Mediactive. Gillmor, Dan (2010). Self-published under Creative Commons license. pp. 183.
Journalism is broken, and with Mediactive, Dan Gillmor aims to fix it. But he doesn’t start where you would expect—with a new financial model for the digital age.
He starts with educating the audience. After all, classic, “capital J” journalism is but a small part of the information we consume. Gillmor correctly aims more broadly, including blogs, targeted e-mails, user-generated content—the entire rabble of the web today. His goal is to help us become active users of mediated information. His principles? Be skeptical. Exercise judgment. Open your mind. Keep asking questions. Learn media techniques. In essence, the media consumer needs to think like a journalist, curate his or her own feed, and create meaning from examination of layers of linked sources. Gillmor then offers specific tools to navigate the Internet, from basic search and RSS to specific ways to evaluate the credibility of web-based information. It’s a useful primer in media literacy, especially useful to young audiences whose first instinct is to just “Google it.”
Gillmor then turns to media creation. His perspective accommodates any content creator, whether journalist, hobby blogger, or corporate writer. Here, his values emphasize “honorable” content creation through these principles: thoroughness, accuracy, fairness, independence, and, most important, transparency. What about objectivity? He states,
“It’s an ideal rather than a principle, and it’s impossible to achieve—no human being is or can be truly objective. We can get closer to this ideal now than ever before, in part because the Internet’s built-in capacity for collaboration makes it easier to find counterpoints to our own views and for our critics to find us (and then for us to respond) … I believe all of the principles in my list help us approach the ideal of objectivity” (p. 64).
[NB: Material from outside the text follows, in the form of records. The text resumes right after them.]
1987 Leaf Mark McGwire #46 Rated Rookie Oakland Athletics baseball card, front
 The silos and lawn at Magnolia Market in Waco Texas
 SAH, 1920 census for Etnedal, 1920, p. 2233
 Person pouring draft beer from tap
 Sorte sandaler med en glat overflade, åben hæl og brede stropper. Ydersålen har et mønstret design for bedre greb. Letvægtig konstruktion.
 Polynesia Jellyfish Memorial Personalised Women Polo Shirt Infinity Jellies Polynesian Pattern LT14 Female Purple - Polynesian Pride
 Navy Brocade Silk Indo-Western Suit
Gillmor offers a lightning tour of the tools and tactics a modern content creator can use to communicate, including tips on purchasing web domains, hosting, backing up data, and setting up a content management system, such as WordPress. He discusses the value of personal branding and how to gain influence through using these tools. This section is useful for anyone interested in joining the online marketplace of ideas, journalist or not. He closes the how-to section on a hopeful note, advocating entrepreneurial journalism and start-up thinking. Chapters on the law and teaching new media round out the book.
Writing about digital can be like walking on quicksand, so Gillmor has wisely made Mediactive much more than a book. The printed version (also available in Kindle and Nook formats) features underlined text to show links in the online version, at mediactive.com, where you can read the full text or download a pdf. The site also features annotations, updates, and Gillmor’s blog. The entire project is licensed under Creative Commons to facilitate sharing and exchange of ideas.
Mediactive would be an excellent text for a class emphasizing media or news literacy. It would also be a good choice for advertising or public relations classes with a digital emphasis. It begs for a lab experience to complete the lessons.
Journalism is going through transformative change, and some institutions will fail. But it won’t be the end of journalism. Our economy is more information-dominant than ever. Barriers to entry have never been lower. Millions are publishing and gaining influence in their chosen spheres. And who knows? Out of these millions of seedlings may grow the New York Times of the future. If you want to participate in this dynamic marketplace of ideas, Mediactive is a useful guide that will speed your progress.